Transfer Property Ownership Without Need for Probate
A ladybird deed is a fully revocable form of a ‘life estate’ used to pass title (ownership) or real estate upon the owner’s death without need for probate.
Anyone who owns property in their individual capacity (meaning flesh and bone living and breathing humans including married couples, but excluding corporations, LLCs, or trusts) can pass ownership upon death without need for probate, while retaining the full range of ownership rights, including the right to sell, mortgage, or lease the property, and keep all proceeds for the benefit of the property owner(s).
The owner becomes the ‘life tenant’, and enjoys all of the benefits of possession and ownership during the owner’s lifetime.
Upon the death of the life tenant (think: owner), title (ownership) passes to the ‘remainderman’ (think: death beneficiary/beneficiaries) without probate court.
All that is required to establish clear title (ownership) in the death beneficiary (can be multiple) is to record the certificate of death for the former owner in county's public land records.
Is a Ladybird Deed Superior to a Will in Passing Real Estate Ownership Upon the Owner’s Death?
A will is not self-effecting; a ladybird deed is.
With a ladybird deed, title to (ownership of) the property passes immediately upon the life tenant’s (owner’s) death.
All that is required to establish record title in the death beneficiaries is to record the death certificate of the (former) life tenant in the public land records.
A will must go through the probate court process to be given effect of law; otherwise it’s just another piece of paper.
Probate typically costs several thousand dollars in attorney’s fees and court costs, and takes months of time when everything goes as planned (which is not always the case).
With a a ladybird deed all that is needed is to record the life tenant's death certificate in the public land records in the county in which the property is located, a process which currently costs less than $20.00.
Can I Keep My Homestead Exemption With a Ladybird Deed?

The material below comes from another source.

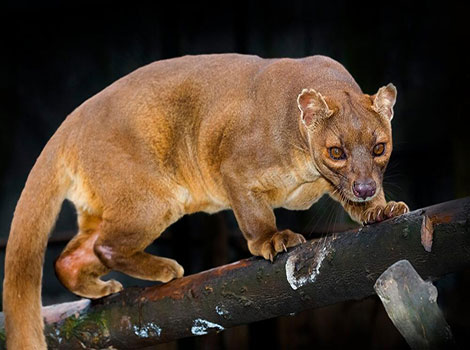 fossa close-up sharp claws and reddish-brown fur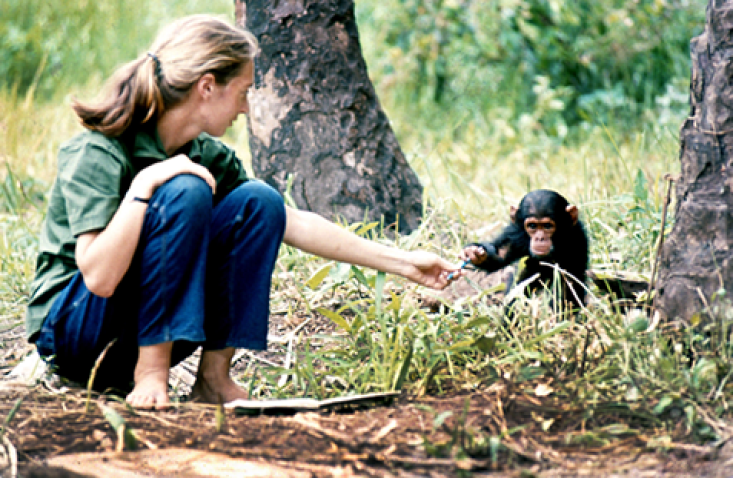 Young researcher Jane Goodall with baby chimpanzee Flint at Gombe Stream Research Center in Tanzania.  Photo/The Jane Goodall Institute/Hugo Van Lawick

Yes. Under a ladybird deed, the life tenant (owner) retains all rights during his or her lifetime ( in the case of a married couple, until the death of the survivor as between the two of them).
This includes the homestead tax exemption and any other exemptions the owner qualifies for like widow, disabled veteran, etc.).
In addition to any available tax exemptions, the owner is also able to retain the benefits of Florida's generous constitutional homestead exemption from judgment creditors, which protects the owner from forced sale of the homestead property by one’s judgment creditors.
This exemption survives the owner's death, but only if the property is passed to next of kin, which can be accomplished without probate using a ladybird deed.
Is a Ladybird Deed Revocable?
Yes, if drafted properly, the ladybird deed is fully revocable by the life tenant (owner) at any time during the life tenant’s ownership of the property (i.e. until sale or death).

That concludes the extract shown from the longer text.